Conundrum 2: From an investor’s perspective, a conundrum arises in case of distressed acquisitions – consider a scenario where the issue price (say, INR 10 which is the face value, which is also the fair market value as per FEMA/ Companies Act, 2013) is lower than the adjusted net book value (say, INR 25). In such a case, while commercially it may have been agreed upon that the investor will invest in a distressed company as a white knight, the difference in the commercial/ regulatory valuation and the tax valuation could lead to undesirable taxation in the hands of the investor. While the intent of section 56(2)(x) of the ITA was to act as an anti-avoidance measure so as to counter-act against any abuse vis-à-vis receipt of shares/ securities/ other assets under the garb of gifts, commercially negotiated transactions may unwittingly fall under the provisions of section 56(2)(x) of the ITA. This aspect has been dealt in detail later while dealing with transfer of shares between two unrelated parties, where this issue becomes much more pronounced.

Scenario 2: Preferential Issue of Equity Shares by a Listed Company

SEBI ICDR Regulations: Chapter V of the SEBI (Issue of Capital and Disclosure Requirements) Regulations, 2018 (“ICDR Regulations”) deal with preferential issue of shares by a listed company. In case of frequently traded shares[6], the pricing of such preferential issuance shall not be less than the volume weighted average price (“VWAP”) of the last 90 trading days, or 10 trading days whichever is higher. The said price also becomes the floor price under the NDI Rules, in case of a non-resident investor.

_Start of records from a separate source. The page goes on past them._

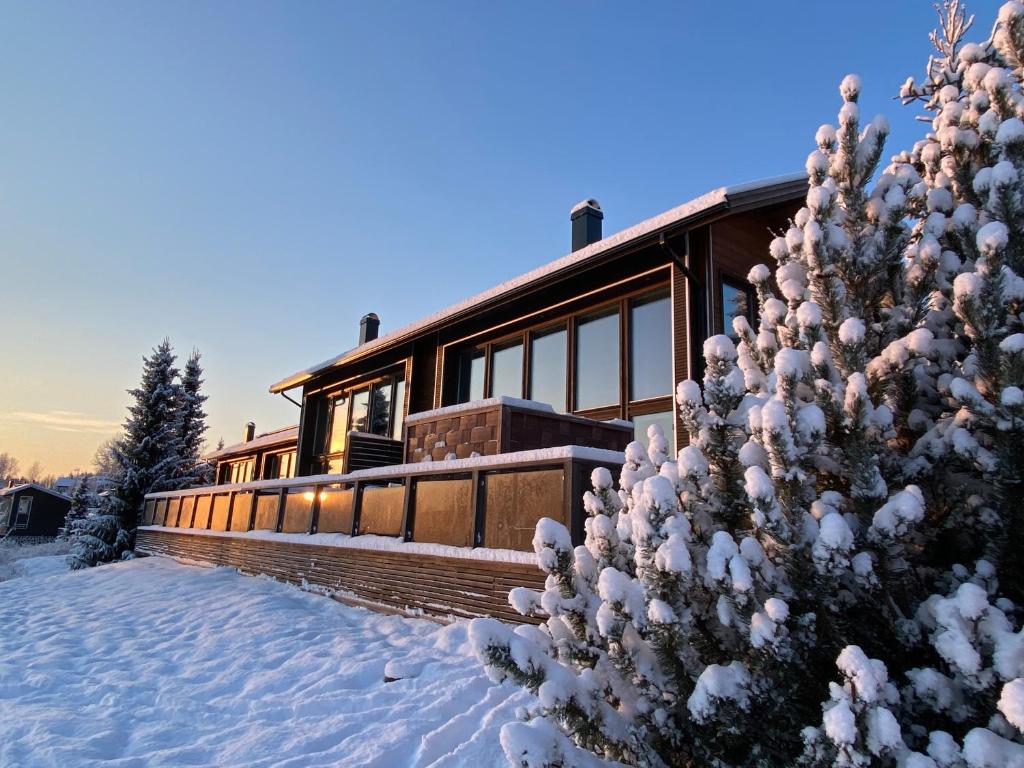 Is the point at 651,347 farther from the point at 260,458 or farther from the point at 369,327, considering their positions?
the point at 260,458

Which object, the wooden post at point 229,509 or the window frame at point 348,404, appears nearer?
the wooden post at point 229,509

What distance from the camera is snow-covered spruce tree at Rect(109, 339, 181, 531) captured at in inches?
793

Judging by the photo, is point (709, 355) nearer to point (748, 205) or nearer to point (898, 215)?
point (898, 215)

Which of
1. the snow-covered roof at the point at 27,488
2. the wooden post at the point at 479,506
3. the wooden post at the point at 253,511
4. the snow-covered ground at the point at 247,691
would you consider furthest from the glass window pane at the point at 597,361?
the snow-covered roof at the point at 27,488

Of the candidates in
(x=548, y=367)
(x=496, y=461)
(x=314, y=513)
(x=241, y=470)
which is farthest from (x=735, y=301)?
(x=241, y=470)

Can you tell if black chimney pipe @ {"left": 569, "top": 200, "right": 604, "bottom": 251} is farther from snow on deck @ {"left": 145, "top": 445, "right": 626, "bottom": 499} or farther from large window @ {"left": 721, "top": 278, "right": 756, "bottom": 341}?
snow on deck @ {"left": 145, "top": 445, "right": 626, "bottom": 499}

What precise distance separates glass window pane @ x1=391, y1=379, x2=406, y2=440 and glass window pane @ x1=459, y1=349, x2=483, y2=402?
1879 millimetres

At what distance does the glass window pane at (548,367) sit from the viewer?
1002 centimetres

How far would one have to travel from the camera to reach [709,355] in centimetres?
222

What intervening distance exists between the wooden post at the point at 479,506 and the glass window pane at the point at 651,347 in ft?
11.6

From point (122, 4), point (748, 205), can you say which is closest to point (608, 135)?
point (748, 205)

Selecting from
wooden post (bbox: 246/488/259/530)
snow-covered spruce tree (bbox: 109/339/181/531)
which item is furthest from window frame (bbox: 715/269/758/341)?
snow-covered spruce tree (bbox: 109/339/181/531)

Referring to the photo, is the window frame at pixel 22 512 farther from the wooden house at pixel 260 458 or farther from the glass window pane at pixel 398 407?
the glass window pane at pixel 398 407

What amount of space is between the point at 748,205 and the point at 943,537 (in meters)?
6.26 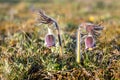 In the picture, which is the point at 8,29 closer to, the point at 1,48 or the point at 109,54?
the point at 1,48

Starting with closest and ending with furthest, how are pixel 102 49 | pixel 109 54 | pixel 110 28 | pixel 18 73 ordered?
1. pixel 18 73
2. pixel 109 54
3. pixel 102 49
4. pixel 110 28

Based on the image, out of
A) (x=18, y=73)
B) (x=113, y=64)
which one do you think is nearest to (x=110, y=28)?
(x=113, y=64)

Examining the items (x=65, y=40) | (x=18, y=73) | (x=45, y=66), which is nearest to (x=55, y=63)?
(x=45, y=66)

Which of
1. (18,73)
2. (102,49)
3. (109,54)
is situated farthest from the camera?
(102,49)

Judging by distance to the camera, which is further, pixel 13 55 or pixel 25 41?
pixel 25 41

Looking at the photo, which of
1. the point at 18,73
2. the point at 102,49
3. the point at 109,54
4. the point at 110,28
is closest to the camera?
the point at 18,73

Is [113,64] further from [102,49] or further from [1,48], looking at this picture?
[1,48]

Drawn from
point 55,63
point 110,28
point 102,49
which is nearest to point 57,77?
point 55,63

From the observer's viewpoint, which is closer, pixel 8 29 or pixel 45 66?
pixel 45 66

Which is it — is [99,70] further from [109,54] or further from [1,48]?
[1,48] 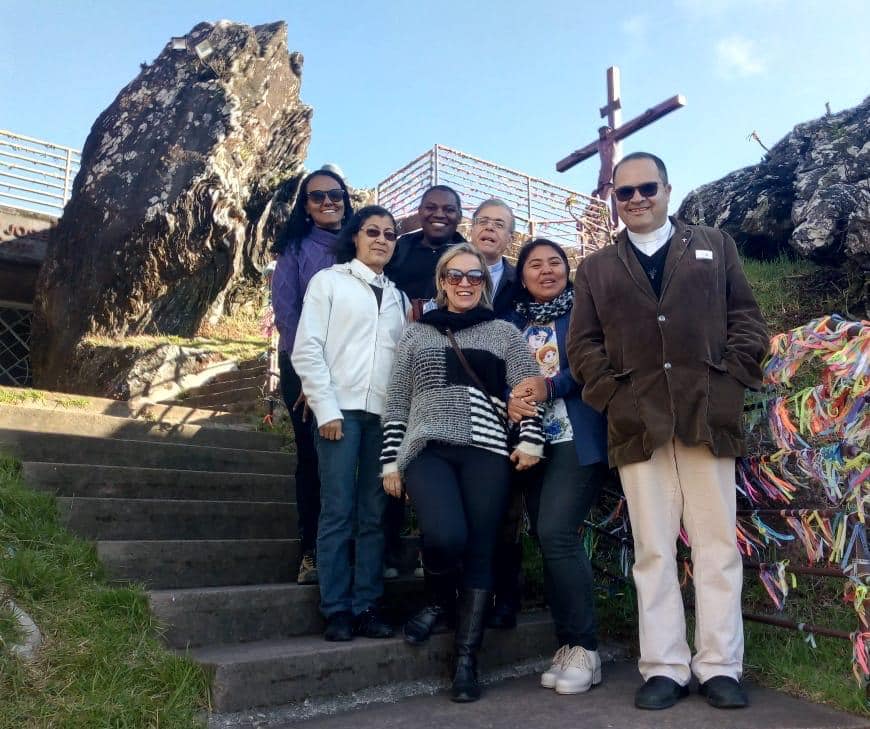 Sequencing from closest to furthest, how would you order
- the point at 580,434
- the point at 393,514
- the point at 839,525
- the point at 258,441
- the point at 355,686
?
1. the point at 839,525
2. the point at 355,686
3. the point at 580,434
4. the point at 393,514
5. the point at 258,441

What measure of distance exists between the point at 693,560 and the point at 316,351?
170 centimetres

Requirements under Companies Act, 2013: Further, given the requirements of the Companies Act, 2013, as seen above, if the VWAP price (say, INR 90) is lower than the price determined by a registered valuer (say, INR 100), then the price determined by the registered valuer (INR 100) would become the floor price instead of the VWAP price.

Tax Perspective: While the provisions of section 56(2)(viib) of the ITA (i.e., justification of share premium) are not applicable to a listed entity, the provisions of section 56(2)(x) of the ITA would still be applicable. However, given that the issuance of shares would be by a listed company, the reference price would not be the adjusted net book value (as is so in case of unlisted companies), but the market price prevailing on the date of issuance – hence, the conundrum stated above becomes exacerbated given that the market price on the date of issuance could be a price different than what has been approved by the board of the listed company. This is so because the reference date for determining price for the preferential allotment would be the date of the board meeting, while the issuance would be subsequent to a shareholders’ resolution, which requires at least 21 days notice. Further, the fact that an in-principle approval from the stock exchanges is required to be taken before allotment of shares could increase the gap between the date of board approval and the date of issuance of shares. Of course, the argument that section 56(2)(x) of the ITA should not apply to a commercially negotiated transaction, especially in case of unrelated parties, should still continue to hold valid; however, this is yet one more scenario where a regulatory valuation and a tax valuation could lead to unintended tax consequences in the hands of the investor.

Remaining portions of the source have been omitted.